Howdy,
We track state. I have a variety of users with different time outs for
timing out their session. Unfortuantely, the problem lies with the browser
itsself and not the server side =(
You can track state thru cookies, client variables if you're using Cold
Fusion ASp or php3, or embess state variables in the web page its self. We
use Cold Fusion http://www.allaire.com
Another thing to consider is winnt workstations with a PDC
(Linux,NT,Novell)
ttyl,
-Rob
"Doug Poulin"
<doug_poulin@hotmai To: <[EMAIL PROTECTED]>
l.com> cc:
Sent by: Subject: Security Hole in mod-ssl
owner-modssl-users@
modssl.org
05/19/2000 04:44 PM
Please respond to
modssl-users
I've seen this question asked many times over the past several weeks and
have never had anyone come up with a response that works. I think this is
a serious security problem with browsers.
Once you authenticate with a secure server, the browser remembers who you
are so that it can include that information for future requests to that
server.
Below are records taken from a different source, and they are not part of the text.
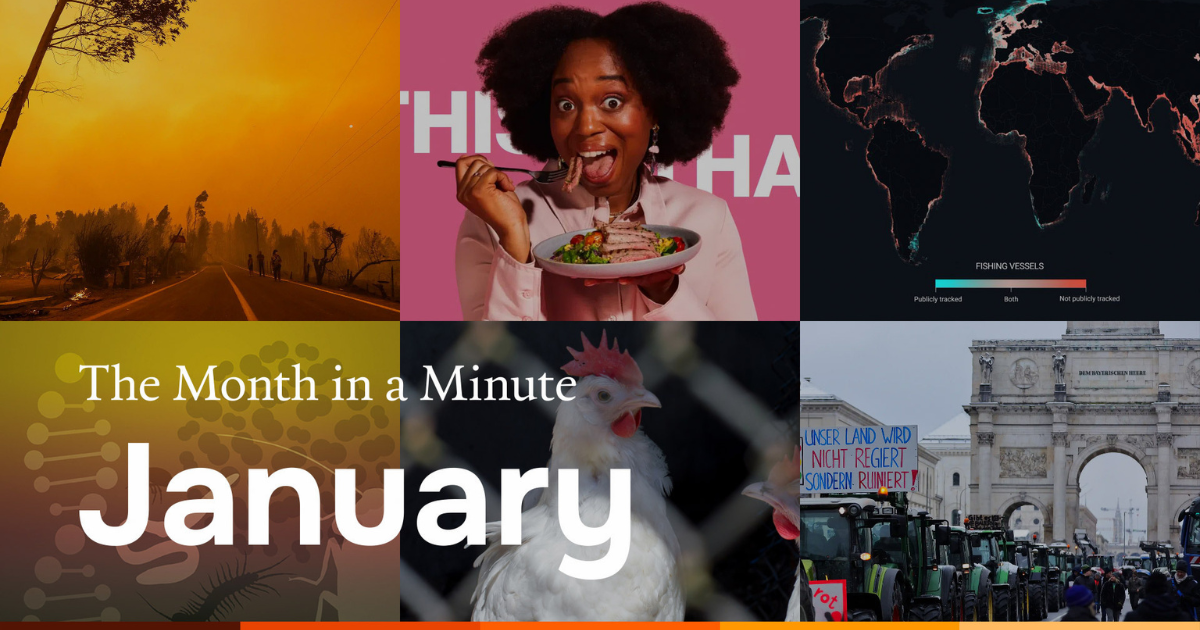 A collage of news images. Text reads: The Month in a Minute January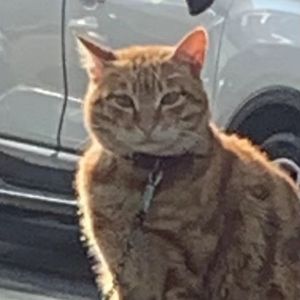 后会无期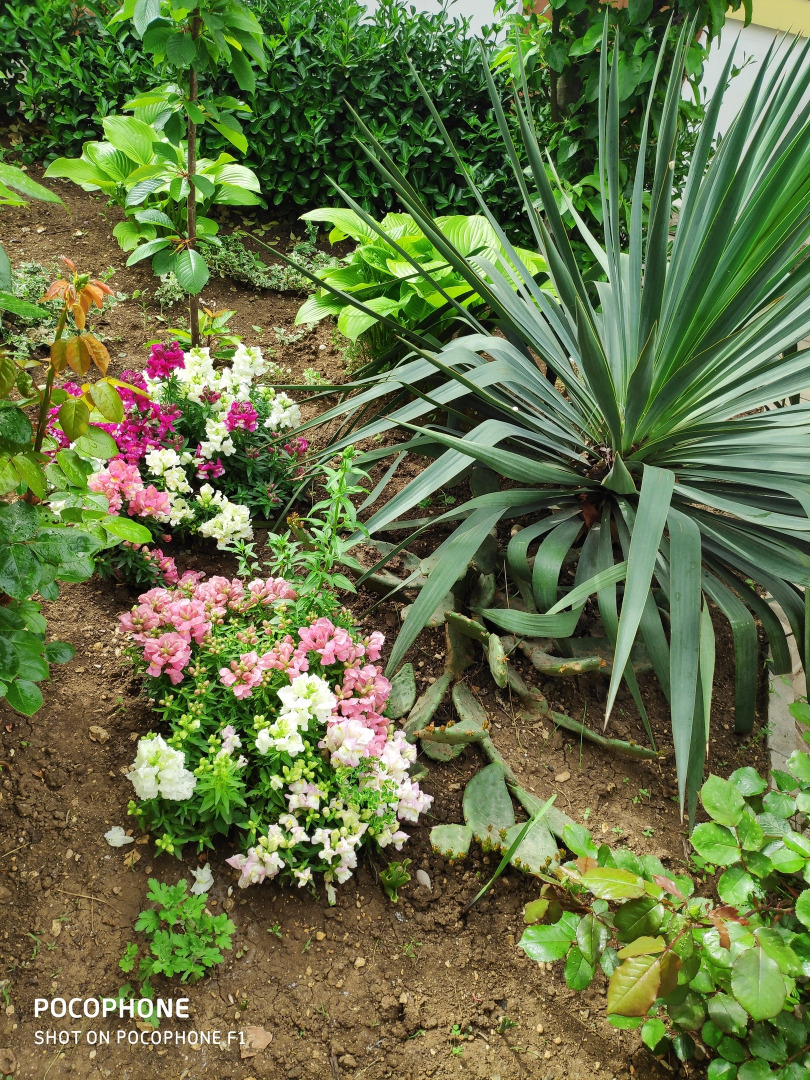 Меблированные комнаты У Чижика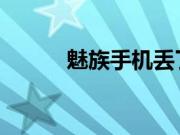 魅族手机丢了定位找回要怎么找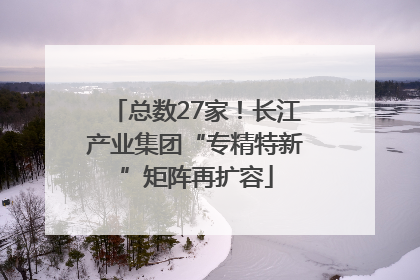 总数27家！长江产业集团“专精特新”矩阵再扩容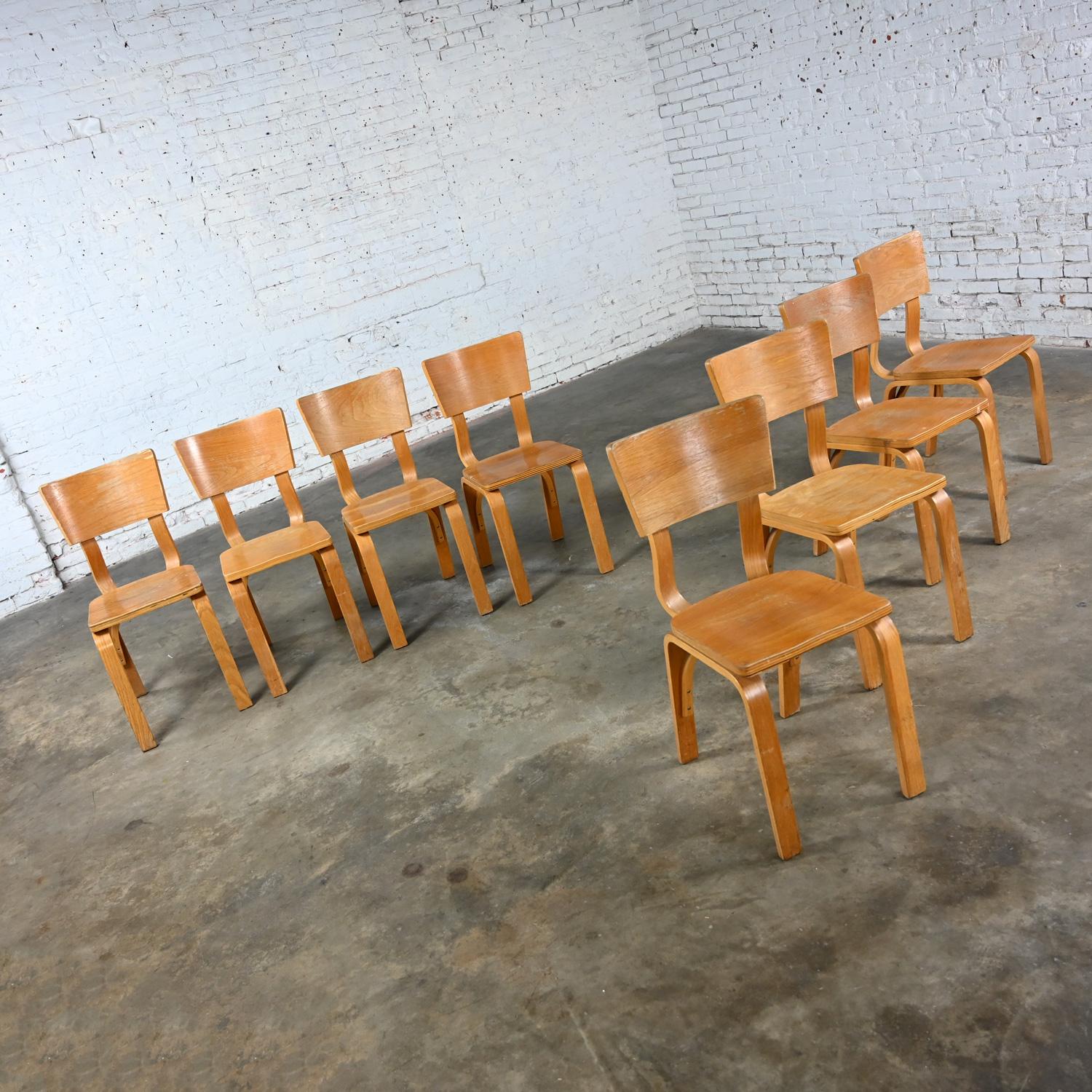 Satz von 8 MCM Thonet #1216 Esszimmerstühlen, gebogene Eiche, Sperrholz, Sattelsitz, Einzelschleife (Eichenholz) im Angebot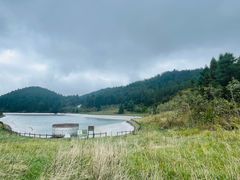 -武陵山森林公园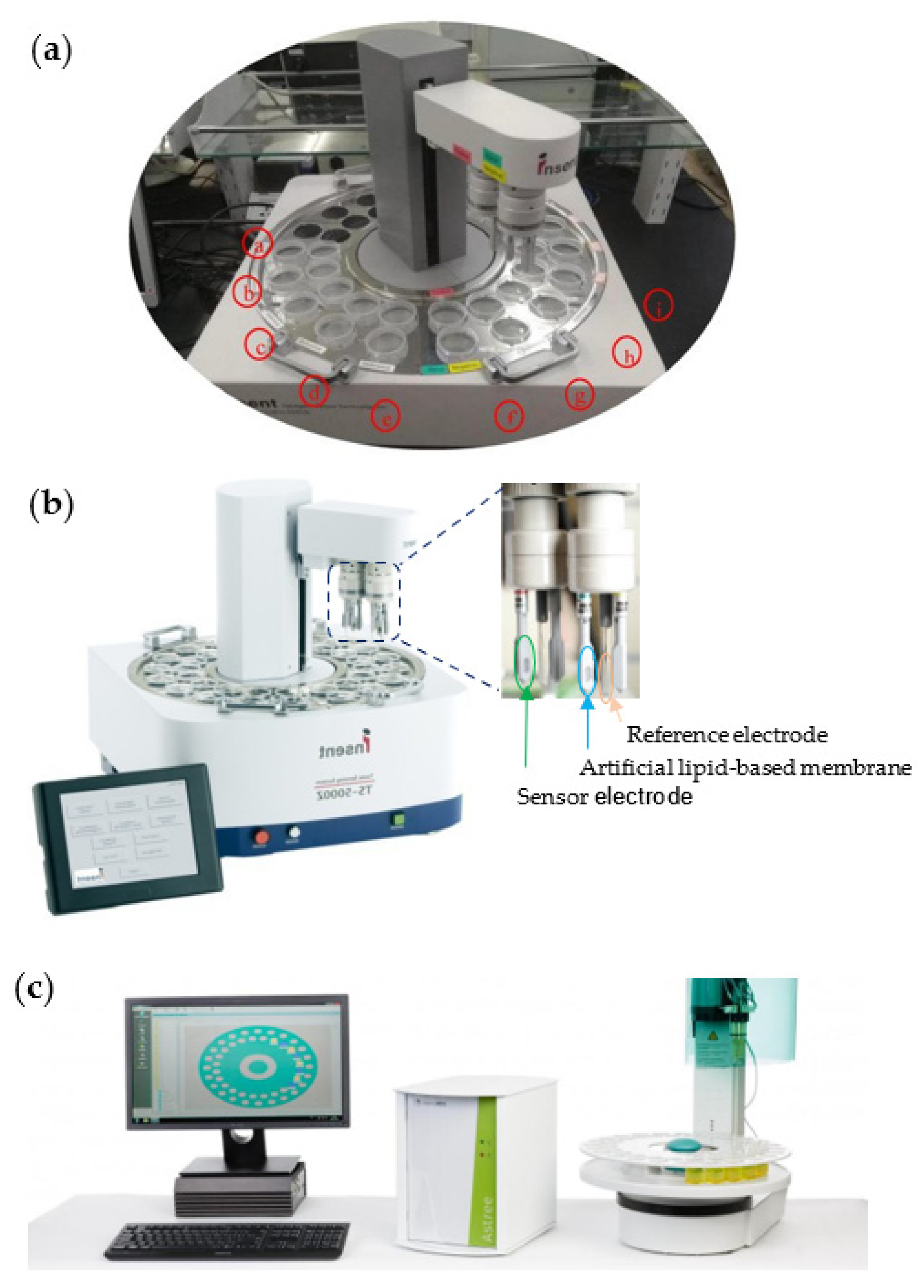 Biosensors 12 00356 g004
However I can't tell the browser to forget who I am without
closing the browser. That means that if I authenticate to a secure site,
then go off to other sites and never close my browser anyone coming along
afterwards can go back to that secure site with my full access.
I would like to be able to have multiple users share a PC and log on/off
without having to restart the browser each time.
This sounds like a straight forward problem but it is not. Part of the
problem involves being able to determine whether the user is logging on for
the first time or returning from a previous session. Without knowing that,
the only solution appears to be in forcing the user to log in twice. This
happens because our log in script automatically rejects (401 Unauthorized)
the first log in attempt. This ensures that re-visits are forced to log in
properly, but it also means that the first time in the server
authenticates, then our log in script rejects it, then they get logged in
properly.
Here are things that I have already tried.
1) cookies: They don't work because the server authentication always
happens before the script sees the cookies.
2) redirects: I thought I could redirect from a non secure page to a
secure page and force the server to authenticate. The problem was that the
browser never provided the remote-user name to the server for the non
secure page but as soon as it
got redirected it sent along the remote-user and bypassed the security
again.
3) server files: same basic problem as cookies. You don't have enough
information at the time you need it.
Does anyone have any concrete code samples or ideas that actually work?
While I'm at it does anyone know what the options in the .htaccess file
are? I am particularly interested in the "require" directive. I have
tried the modssl reference pages but that doesn't seem to be covered. I
know valid-user is one of them but what other ones are there?